Now you post, insulted, in an aggressive manner and use the word "tout" repeatedly in an attempt to achieve dominance while also attempting to belittle my intelligence and validity of my argument based in fact. So, clearly, you require an explanation and fact based retort in order to move onward with your life and internet experience. (Sorry in advance if the vocabulary seems insulting or otherwise demeaning, but my brain came up with the words as I typed, which is the vocabulary I usually use.)

Many people are on the same boat as you, laid off, living off "barely anything." Some folks handle it better than others. Some living in poverty (based on American standards) are actually happy, despite lack of funds, while others tend to see themselves as victims (i.e. blaming their situation on outside sources and not their own shortcomings) and also suffer from depression. The picture painted by most folks who post on the internet, including the post you most recently left, is one with a tinge of martyrdom and feeling that conditions are really, truly terrible. That you (i.e. the population that posts in this fashion, not you alone) have been victimized and have no choice and yearn for the world to have compassion and understanding. Again, this is because of the standards we have become accustomed to in this country and our views of what things "should" be.

I didn't ask you or anyone for any information about WHY you don't buy exclusively American, nor am I a proponent or dedicated protester against all the corporations who outsource. Clearly you are a supporter of buying ALL American and seem to either truly seek an arrangement to uphold your beliefs you hold so dearly or you are trying to "show me" and it's not a true passion of yours. Either way, I am going to assume you actually want a real way to go about it and are actually open minded about what it means to achieve it.

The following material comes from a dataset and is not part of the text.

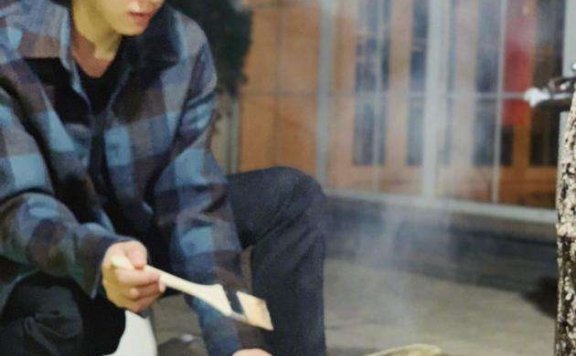 李易峰假期最后一天烤串儿 被称最帅烧烤师傅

I posted about the reasons WHY we manufacture in China, HOW we treat the Chinese and an explanation due to some of the comments that were being produced in this thread from people who were urging others to buy all American while using phrases like "I try to buy American when I can" rather than being dedicated activists while preaching complete activism from others. I posted from a primarily business outlook. There is a huge difference between leading the charge by example WHILE encouraging others to do so and claiming everyone should while not doing it ourselves.

This is not a contest as to who knows more about living a "hard life.: And truth be told- I don't care more than to write back now and definitely don't care to lose myself in emotion to prove anything. Has it ever dawned on you that maybe it's "not the words of someone who never scraped pennies together", but that you're creating an explanation to make yourself feel better? That someone who really did go through the same or worse than you could very legitimately have the ability to tell you that you are, indeed, doing something inefficiently because they did pull themselves out of it?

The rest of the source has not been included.